Einige Kommentatoren stellen die Behauptung auf, dass laissez-fair economics der wahre Weg im Umgang mit Wall Street ist. Das heisst, keine Bailouts (keine Rettungsaktionen)! „Aus dieser Sicht sollen die Politiker auf eine Copy von Atlas Shrugged (Atlas wirft die Welt ab) legen und im Namen von A schwören, dass sie nie wieder scheiternde Banken retten. Und alles wird gut auf der Welt“, legt Paul Krugman in seinem Blog dar.

„Sorry, aber das ist eine Fantasie“, fügt der an der Princeton University lehrende Wirtschaftsprofessor hinzu.

Zunächst einmal ist die Regulierung der Banken auch in Abwesenheit von Rettungsaktionen wichtig. Vertrauen Sie nicht Krugman, sondern Adam Smith. Schottland hat das moderne Bankwesen, aber auch moderne Bankenkrisen erfunden. Und Adam Smith hat als Zeuge einer solchen Krise Regulierung der Banken befürwortet, indem er erklärte, dass

“Such regulations may, no doubt, be considered as in some respect a violation of natural liberty. But those exertions of the natural liberty of a few individuals, which might endanger the security of the whole society, are, and ought to be, restrained by the laws of all governments; of the most free, as well as or the most despotical. The obligation of building party walls, in order to prevent the communication of fire, is a violation of natural liberty, exactly of the same kind with the regulations of the banking trade which are here proposed”.


Zweitens gibt es laut Krugman in der Tat sehr gute Gründe, zu intervenieren, um die Banken während einer Finanzkrise zu unterstützen. Bagehot hat es gewusst. Diamond und Dybvig haben es theoretisch gezeigt. Und es bleibt wahr. Es ist gefährlich, zuzulassen, dass eine Finanzkrise sich weiter verbreitet, hält Krugman fest.

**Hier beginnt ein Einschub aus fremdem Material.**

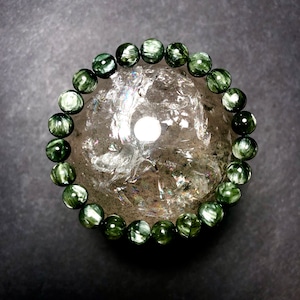 Puede incluir: Un brazalete de cuentas con piedras de serpentina verde oscuro y blanca. El brazalete es circular, con cada cuenta de aproximadamente 1 cm de diámetro. Las cuentas están dispuestas alrededor de una esfera de cristal transparente y texturizada, sobre un fondo gris oscuro.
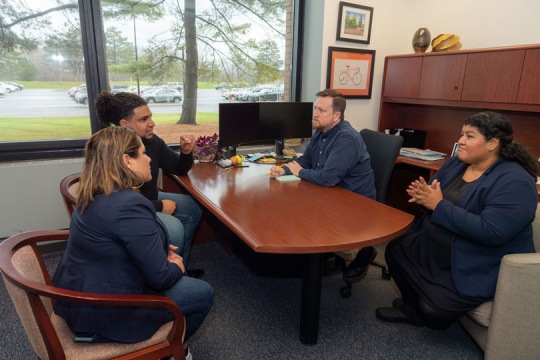 Female ASL interpreter and male individual sit across a table from a male student and his mother.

Drittens ist es ein Fakt, auch wenn man sich selbst davon überzeugt, dass die durch die Rettungsmassnahmen ausgelöste Moral Hazard die Vorteile der Vermeidung einer stufenförmig erfolgenden Finanzkrise à la 1931 überwiegt, dass die Politiker intervenieren werden. Hank Paulson hat mit Lehman ein Zeichen gesetzt. Zwei Tage später hat er in den Abgrund gestarrt, schildert Krugman.

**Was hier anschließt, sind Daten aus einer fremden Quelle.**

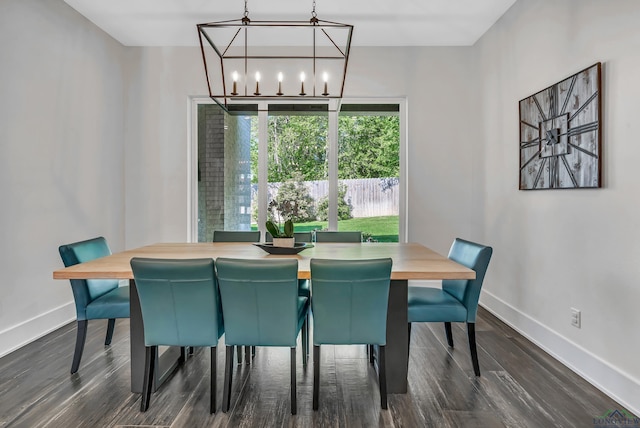 dining space with a notable chandelier, baseboards, and dark wood-style flooring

Die einzig mögliche Strategie sind Garantien und ein finanzielles Sicherheitsnetz und Regulierung, um den Missbrauch von Garantien zu begrenzen. Es ist unvollkommen und es ist der ständigen Bedrohung durch „regulative Vereinnahmung“ (regulatory capture) ausgesetzt. Aber es hat in der Vergangenheit funktioniert. Und es ist die einzige Möglichkeit, fasst Krugman zusammen.

PS:

regulatory capture“ findet statt, wenn eine öffentlichrechtlich geschaffene Regulierungsbehörde, die im öffentlichen Interessen handeln sollte, stattdessen spezielle Interessen, die einer bestimmter Branche dienen, vertritt. Es handelt sich um eine Beschreibung der Gefahr der Beeinflussung der Aufsichtsbehörde durch einen spezifischen Sektor,wenn also die Regulierten die Regulierer vereinnahmen.